§ **Task directions**
Omit the pictures, then write out every entry exactly as it reads.
*** Block opens ***
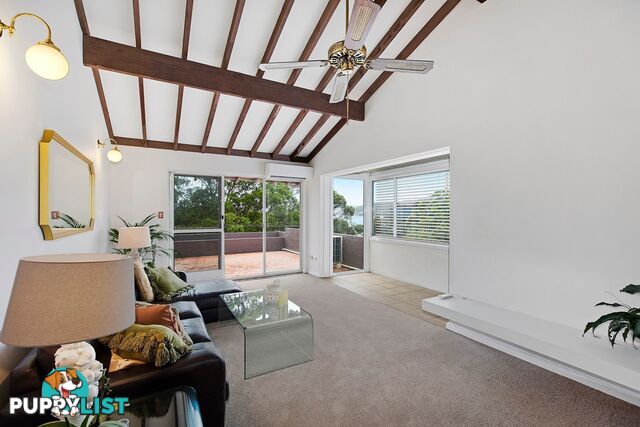 3/67-69 Henry Parry Drive GOSFORD NSW 2250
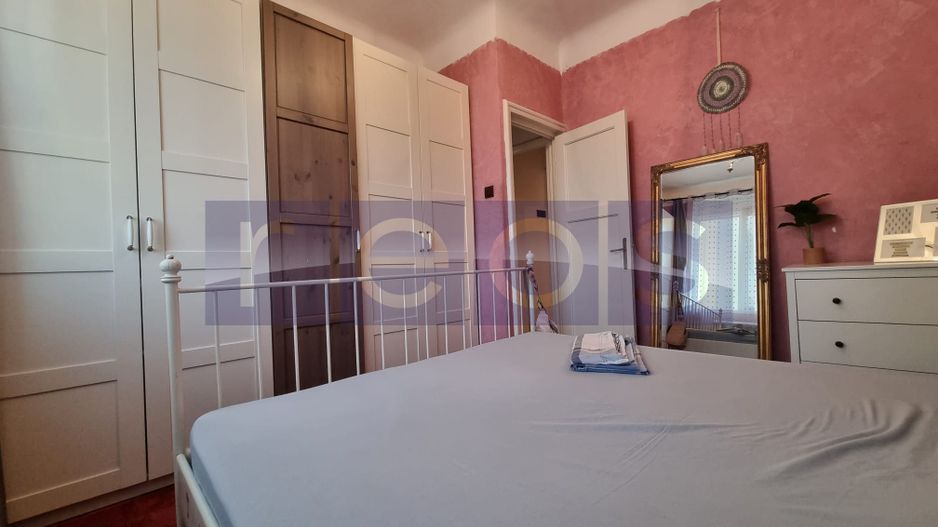 VANZARE 3 CAMERE - SEMIDECOMANDAT | ZONA TINERETULUI - Poză 7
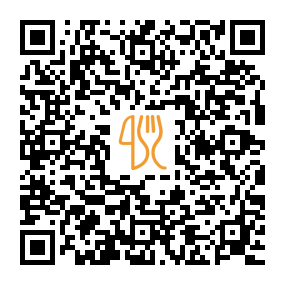 QR-code link para o menu de A.i. Giardini Sushi Mediterranean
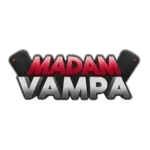 MadamVampa Group Thumbnail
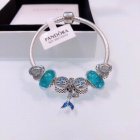 Pandora Jewelry 141
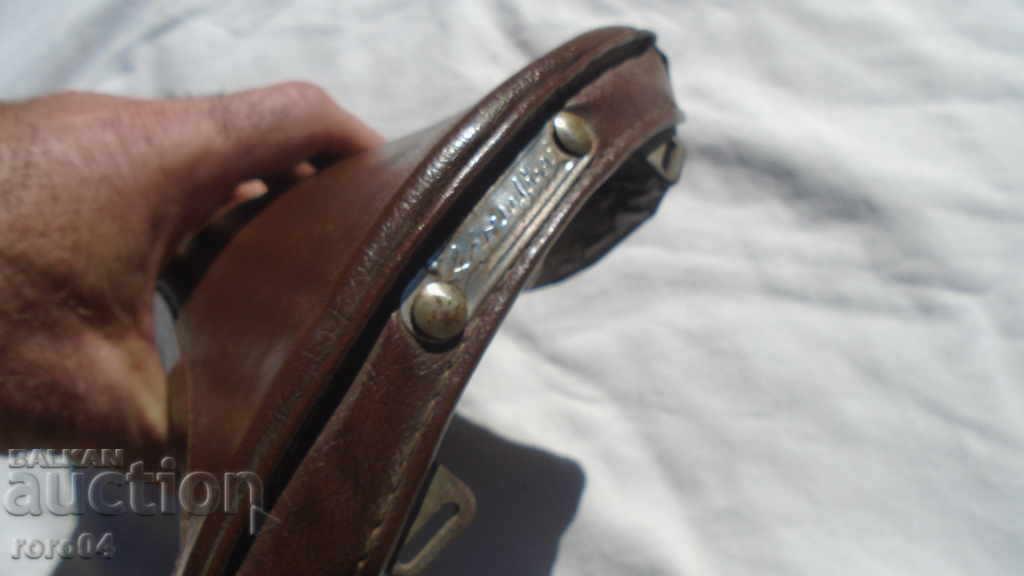 Δημοπρασία ΚΑΘΙΣΜΑ - ΠΟΔΗΛΑΤΟ / ΜΗΧΑΝΗΜΑ Δημοπρασία ΚΑΘΙΣΜΑ - ΠΟΔΗΛΑΤΟ / ΜΗΧΑΝΗΜΑ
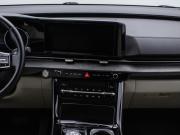 Kia Carnival IV Москва  - изображение 31
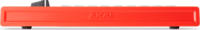 Akai APC Mini MK2 USB MIDI Controller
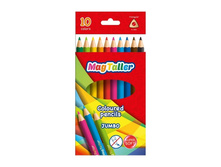 542021 ��������� ������� ������� Magtaller KUVIO JUMBO, 10 ������.jpg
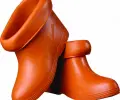 Галоши, боты диэлектрические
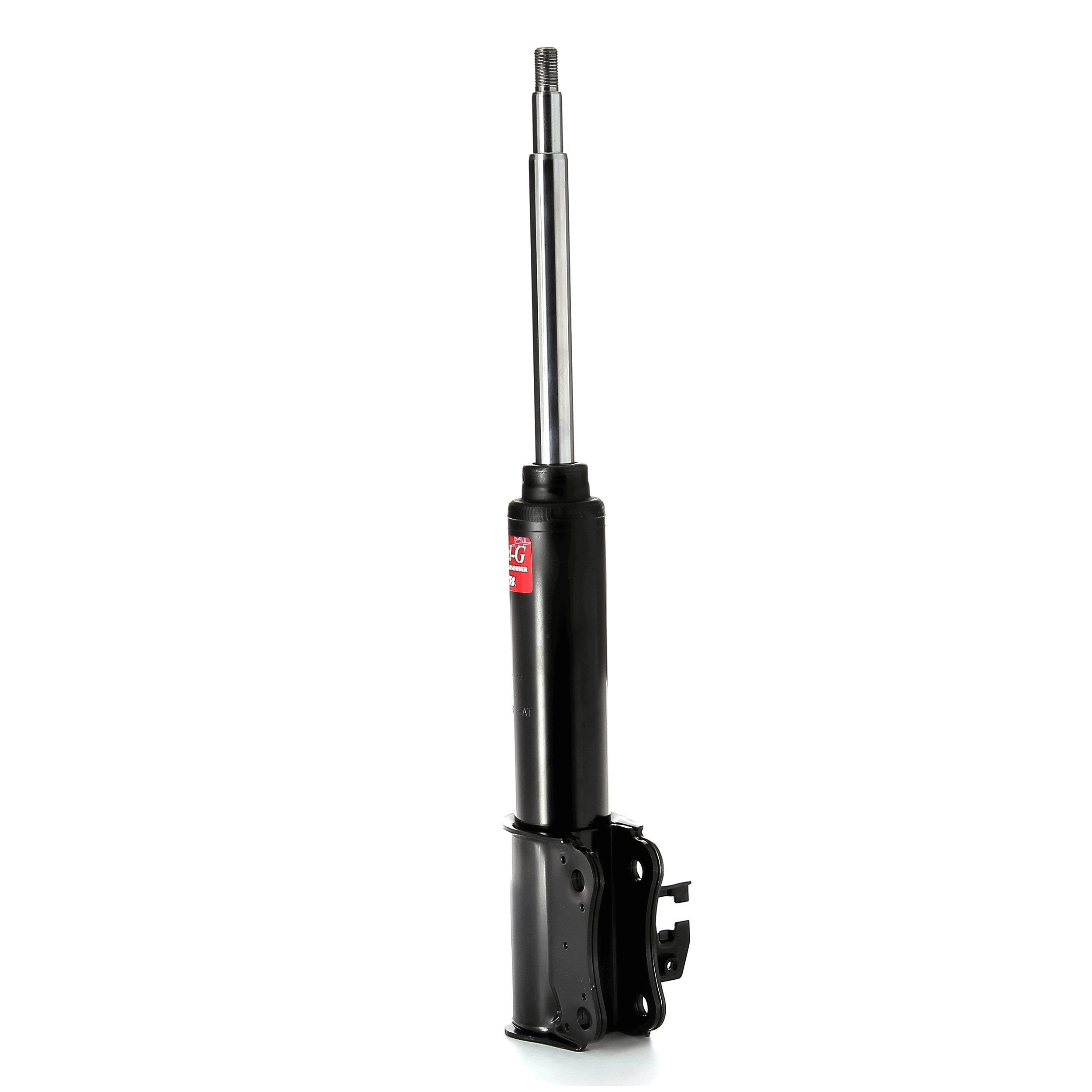 Amortiguador delantero derecho Kayaba 334195 precio, desde 63,97 EUR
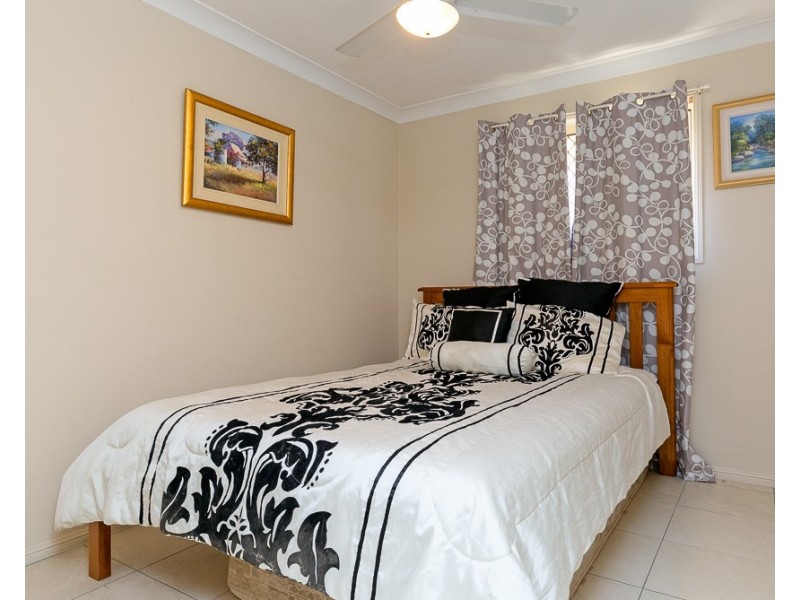 12  Violet Court, Bongaree QLD 4507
*** Block closes ***
§ **Written solution**
 3/67-69 Henry Parry Drive GOSFORD NSW 2250
 VANZARE 3 CAMERE - SEMIDECOMANDAT | ZONA TINERETULUI - Poză 7
 QR-code link para o menu de A.i. Giardini Sushi Mediterranean
 MadamVampa Group Thumbnail
 Pandora Jewelry 141
 Δημοπρασία ΚΑΘΙΣΜΑ - ΠΟΔΗΛΑΤΟ / ΜΗΧΑΝΗΜΑ Δημοπρασία ΚΑΘΙΣΜΑ - ΠΟΔΗΛΑΤΟ / ΜΗΧΑΝΗΜΑ
 Kia Carnival IV Москва  - изображение 31
 Akai APC Mini MK2 USB MIDI Controller
 542021 ��������� ������� ������� Magtaller KUVIO JUMBO, 10 ������.jpg
 Галоши, боты диэлектрические
 Amortiguador delantero derecho Kayaba 334195 precio, desde 63,97 EUR
 12  Violet Court, Bongaree QLD 4507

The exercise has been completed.